Automatic replica deletion and recovery in case of disk badblock on non-raid controllers

GeonmoRyu · June 4, 2024, 9:10am

Hello, EOS community people!

On our site, we’re running a 16-striped qrain system using EOS.

These disks are directly connected to a SAS controller without a raid controller.

The disk arrays are ME484 disk enclosures from DELL.

When I looked at the OS logs of the disk servers, I noticed that certain disks were not fully handling bad blocks when they occurred.

I don’t know if it’s the scandisk feature of EOS or another module that checks the disks, but at certain times, it would hit an unreadable block and generate the error below.

Jun 4 15:20:12 jbod-mgmt-09 kernel: sd 12:0:294:0: [sdgg] tag#0 FAILED Result: hostbyte=DID_OK driverbyte=DRIVER_SENSE cmd_age=3s
Jun 4 15:20:12 jbod-mgmt-09 kernel: sd 12:0:294:0: [sdgg] tag#0 Sense Key : Medium Error [current]
Jun 4 15:20:12 jbod-mgmt-09 kernel: sd 12:0:294:0: [sdgg] tag#0 Add.

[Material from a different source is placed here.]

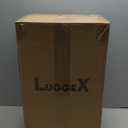 Amazon.com | LUGGEX Carry On Luggage 22x14x9 Airline Approved, PC Expandable Hard Shell Suitcases with Spinner Wheels, 20 Inch, Charcoal Metallic | Carry-Ons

Sense: Unrecovered read error
Jun 4 15:20:12 jbod-mgmt-09 kernel: sd 12:0:294:0: [sdgg] tag#0 CDB: Read(32)
Jun 4 15:20:12 jbod-mgmt-09 kernel: sd 12:0:294:0: [sdgg] tag#0 CDB[00]: 7f 00 00 00 00 00 00 18 00 09 20 00 00 00 00 02
Jun 4 15:20:12 jbod-mgmt-09 kernel: sd 12:0:294:0: [sdgg] tag#0 CDB[10]: 2e 36 40 f8 2e 36 40 f8 00 00 00 00 00 00 00 08
Jun 4 15:20:12 jbod-mgmt-09 kernel: blk_update_request: critical medium error, dev sdgg, sector 9365242104

We asked our DELL vendor about this, and they told us that in the event of a disk bad block, the raid controller reads the data blocks and parity blocks from the raid controller stores the data in the good blocks, and deletes the old data, and that if you don’t have a raid controller, your software should support that functionality.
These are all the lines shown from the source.